The students were also addressed by Adrian Hadlow, head chef at Rupert and Rothchild Vignerons, the venue at which the graduation was held.
He encouraged the graduates to remain determined in the pursuit of their goals, and talked about the inspiration he draws from Makazole
Mapimpi, a member of the 2019 Springbok Rugby World Cup winning squad, who attained many successes in his career in spite of all the challenges he has faced in his life.
“I see him as somebody who defied the odds to get to where he is today. His story inspires me to do the same. It has shown me that if you pour your heart into something, if you work hard, and want it enough, you can get what you want,” said Mr Hadlow.
Other Stellemploy donors who attended the event included Distell, Remgro, and the Jannie Mouton Stigting.
Among the 11 graduates to attain their diploma was Sisipho Bawuli, from Franschhoek, who did her internship at Grande Provence with executive chef Marvin Robyn as her mentor, who had completed his training at Stellemploy in 2012.
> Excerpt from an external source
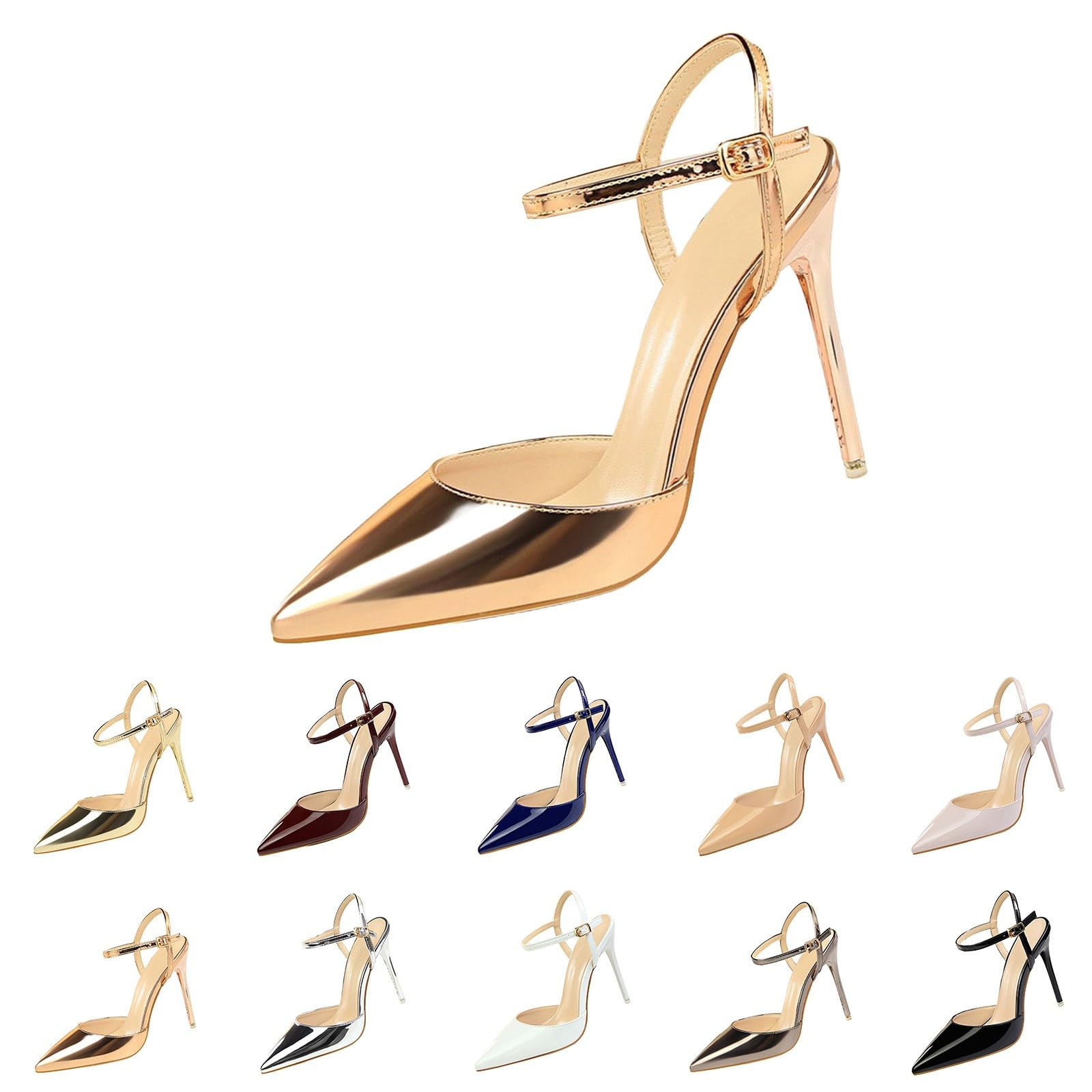Sandali da donna con tacco alto, eleganti scarpe a spillo a punta | Sandali chiusi in pelle verniciata, con cinturino alla caviglia regolabile, scarpe da sposa per feste, discoteca, matrimoni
Ms Bawuli and another graduate, Zizipo Keli, are currently employed at Grande Provence.
“2020 has been one of the most remarkable years in my life,” said Ms Bawuli, who applied for the chef’s programme in 2019 only to appease her mother, and without any hope that she would get past the selection interview process.
Today Ms Bawuli is a qualified chef, and has learnt other important life skills, such as being assertive and confident in her own abilities, skills and knowledge.
Ms Bawuli also received the Best All Rounder prize at the ceremony, while fellow graduate, Britney Wenn, was awarded the Best Academic Achievement prize, and Andrea Scheepers received the Best Practical Performance prize.
Ms Scheepers, who hails from Klapmuts, had always wanted to work in a restaurant kitchen.
Without the skills to do that, she worked as a waitress at Anura Vineyards in Klapmuts for 12 years.
“I had never heard of Stellemploy before, but when I saw the ad for this programme in the local newspaper, I immediately called to find out if I could apply.
“At the beginning, I was really nervous about the programme as you don’t know what to expect,” said Ms Scheepers.
However, as she started to learn everything from making sauces from scratch to baking, she gained more confidence in the kitchen and her cooking skills.
“Working in the kitchen is very different, because you don’t see the guest anymore, but I love working in the kitchen and focusing on the preparation of the food now,” she added.